#### WORK TO COMPLETE
Quote the entries below from the line with "Czarny dom w" through the line with "Group of people", both ends included, and only those lines.

#### DATA FOR PROCESSING

⟨

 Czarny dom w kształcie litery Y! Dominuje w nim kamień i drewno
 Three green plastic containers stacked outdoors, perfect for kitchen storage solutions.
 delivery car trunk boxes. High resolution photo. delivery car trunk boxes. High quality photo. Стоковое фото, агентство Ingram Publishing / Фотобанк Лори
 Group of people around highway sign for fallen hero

⟩
⟨

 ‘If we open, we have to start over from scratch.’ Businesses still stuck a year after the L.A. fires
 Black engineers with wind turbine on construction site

⟩

#### ANSWER SECTION
 Czarny dom w kształcie litery Y! Dominuje w nim kamień i drewno
 Three green plastic containers stacked outdoors, perfect for kitchen storage solutions.
 delivery car trunk boxes. High resolution photo. delivery car trunk boxes. High quality photo. Стоковое фото, агентство Ingram Publishing / Фотобанк Лори
 Group of people around highway sign for fallen hero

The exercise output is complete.